Lantas bagaimana jika seorang Muslim terlanjur atau pernah memakan makanan yang diharamkan oleh syara’? Apa yang semestinya harus ia lakukan atas perbuatan itu?

Teladan yang dilakukan oleh Sahabat Rasulullah, Abu Bakar RA, berikut ini bisa menjadi pedoman, tatkala ia mengetahui makanan yang dikonsumsinya merupakan makanan syubhat:

وَثَبَتَ عَنْ أَبِيْ بَكْرٍ رَضِيَ اللهُ عَنْهُ أَنَّهُ أَكَلَ شُبْهَةً غَيْرَ عَالِمٍ بِهَا، فَلَمَّا عَلِمَهَا أَدْخَلَ يَدَهُ فِيْ فِيْهِ فَتَقَيَّأَهَا

(Artinya: “Terdapat keterangan dari Sahabat Abu Bakar bahwa beliau pernah mengonsumsi makanan syubhat yang tidak ia ketahui.

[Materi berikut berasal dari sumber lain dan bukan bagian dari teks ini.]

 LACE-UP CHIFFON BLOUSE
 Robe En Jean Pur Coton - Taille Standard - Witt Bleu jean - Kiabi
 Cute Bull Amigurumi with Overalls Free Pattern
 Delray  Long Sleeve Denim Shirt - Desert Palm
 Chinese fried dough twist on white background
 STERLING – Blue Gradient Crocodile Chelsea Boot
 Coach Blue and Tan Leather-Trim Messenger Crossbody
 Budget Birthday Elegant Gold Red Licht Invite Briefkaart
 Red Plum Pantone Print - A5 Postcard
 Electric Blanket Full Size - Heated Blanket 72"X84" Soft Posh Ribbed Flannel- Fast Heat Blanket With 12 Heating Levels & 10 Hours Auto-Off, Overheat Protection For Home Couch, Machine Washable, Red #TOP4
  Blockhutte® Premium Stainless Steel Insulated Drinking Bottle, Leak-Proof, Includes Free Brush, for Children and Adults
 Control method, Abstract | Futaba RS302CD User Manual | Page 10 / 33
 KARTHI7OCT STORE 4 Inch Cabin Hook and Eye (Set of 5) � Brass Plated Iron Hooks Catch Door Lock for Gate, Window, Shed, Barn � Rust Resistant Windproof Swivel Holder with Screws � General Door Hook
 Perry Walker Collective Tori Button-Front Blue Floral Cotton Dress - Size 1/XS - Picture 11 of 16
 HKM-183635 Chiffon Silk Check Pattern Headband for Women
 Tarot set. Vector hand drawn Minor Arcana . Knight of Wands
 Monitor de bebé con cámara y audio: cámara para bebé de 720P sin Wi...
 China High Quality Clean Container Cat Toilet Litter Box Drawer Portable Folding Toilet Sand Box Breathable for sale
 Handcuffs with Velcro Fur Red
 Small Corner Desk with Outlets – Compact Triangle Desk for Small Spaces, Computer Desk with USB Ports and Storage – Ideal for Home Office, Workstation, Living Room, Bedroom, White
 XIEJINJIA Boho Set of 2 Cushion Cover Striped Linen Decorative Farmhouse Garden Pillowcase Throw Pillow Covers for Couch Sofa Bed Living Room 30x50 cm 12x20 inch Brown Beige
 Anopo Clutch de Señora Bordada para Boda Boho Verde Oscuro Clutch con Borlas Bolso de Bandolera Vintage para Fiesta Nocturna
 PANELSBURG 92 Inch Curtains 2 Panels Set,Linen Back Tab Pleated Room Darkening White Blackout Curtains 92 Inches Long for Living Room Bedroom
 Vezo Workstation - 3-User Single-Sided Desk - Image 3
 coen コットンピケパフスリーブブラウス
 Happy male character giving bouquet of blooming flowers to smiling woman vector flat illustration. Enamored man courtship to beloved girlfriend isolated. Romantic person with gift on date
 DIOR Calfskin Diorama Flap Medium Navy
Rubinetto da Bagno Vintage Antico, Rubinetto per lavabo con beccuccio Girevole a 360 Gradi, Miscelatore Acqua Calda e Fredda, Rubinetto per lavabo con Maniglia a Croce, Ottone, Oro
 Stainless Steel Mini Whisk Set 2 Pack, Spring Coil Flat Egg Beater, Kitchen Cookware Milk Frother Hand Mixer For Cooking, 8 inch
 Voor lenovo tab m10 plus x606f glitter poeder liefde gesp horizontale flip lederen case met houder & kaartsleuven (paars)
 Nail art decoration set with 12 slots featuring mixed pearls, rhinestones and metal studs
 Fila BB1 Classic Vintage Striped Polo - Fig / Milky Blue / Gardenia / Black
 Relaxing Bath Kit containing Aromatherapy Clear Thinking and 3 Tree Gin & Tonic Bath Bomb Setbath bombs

Ketika beliau mengetahui bahwa makanan tersebut syubhat, beliau memasukkan tangan ke dalam mulutnya lalu berusaha memutahkan makanan itu” (Musthafa Bagha dan Muhyiddin Mistu, al-Wafi Syarh Arba’in an-Nawawi, hal. 38).

Dari kisah sahabat Nabi Muhammad SAW itu, dapat diambil pelajaran (ibrah) tentang bahaya mengonsumsi makanan syubhat serta kehati-hatian Sayyidina Abu Bakar dalam menyaring makanan yang masuk ke perutya. Jika pada makanan syubhat saja wujud kehati-hatian beliau sampai demikian reaksinya, apalagi pada perkara yang haram?!

Maka, hal pertama yang harus dilakukan bagi orang yang pernah memakan makanan haram adalah bertaubat. Syarat-syarat bertaubat secara lugas dijelaskan dalam kitab Al-Adzkar An-Nawawiyah berikut:

  1. Menyudahi perbuatan dosa saat itu juga
  2. Menyesalinya
  3. Bertekad untuk tidak mengulanginya lagi
  4. Mengembalikan hak orang lain yang dizalimi, meminta maaf, atau meminta pembebasan tanggungan akibat kezaliman itu.

Poin nomor pertama hingga ketiga berlaku untuk kasus dosa atau maksiat yang berhubungan dengan Allah (haqqullah), sedangkan poin keempat adalah syarat tambahan ketika doa tersebut berhubungan dengan relasi antarmanusia (haq adami). (Lihat Imam An-Nawawi, al-Adzkar An-Nawawiyah, h. 438).